>>>

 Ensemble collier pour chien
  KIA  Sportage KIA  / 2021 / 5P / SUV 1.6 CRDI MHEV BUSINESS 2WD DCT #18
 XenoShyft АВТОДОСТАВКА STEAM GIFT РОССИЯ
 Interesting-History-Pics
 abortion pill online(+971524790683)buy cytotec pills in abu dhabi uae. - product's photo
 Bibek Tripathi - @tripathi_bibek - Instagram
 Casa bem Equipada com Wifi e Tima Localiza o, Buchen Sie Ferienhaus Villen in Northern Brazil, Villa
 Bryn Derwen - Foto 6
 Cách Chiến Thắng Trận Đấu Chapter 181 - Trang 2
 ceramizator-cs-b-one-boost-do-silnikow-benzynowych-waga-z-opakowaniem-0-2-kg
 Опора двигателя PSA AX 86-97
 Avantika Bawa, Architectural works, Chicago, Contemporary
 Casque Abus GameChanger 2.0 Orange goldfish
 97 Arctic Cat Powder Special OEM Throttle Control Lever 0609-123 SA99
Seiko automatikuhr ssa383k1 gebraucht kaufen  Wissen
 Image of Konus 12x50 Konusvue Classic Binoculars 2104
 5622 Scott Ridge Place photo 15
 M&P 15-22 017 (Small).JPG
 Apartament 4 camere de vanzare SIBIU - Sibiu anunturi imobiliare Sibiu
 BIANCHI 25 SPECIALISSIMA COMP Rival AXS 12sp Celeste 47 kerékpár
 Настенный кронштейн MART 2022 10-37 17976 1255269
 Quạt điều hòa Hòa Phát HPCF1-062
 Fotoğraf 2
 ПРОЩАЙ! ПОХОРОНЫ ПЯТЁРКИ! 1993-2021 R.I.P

<<<

-- TASK DETAILS --
Start at the line with "Настенный кронштейн MART". Give that line and every line after it again, word for word, through the last line above.

-- YOUR RESPONSE --
 Настенный кронштейн MART 2022 10-37 17976 1255269
 Quạt điều hòa Hòa Phát HPCF1-062
 Fotoğraf 2
 ПРОЩАЙ! ПОХОРОНЫ ПЯТЁРКИ! 1993-2021 R.I.P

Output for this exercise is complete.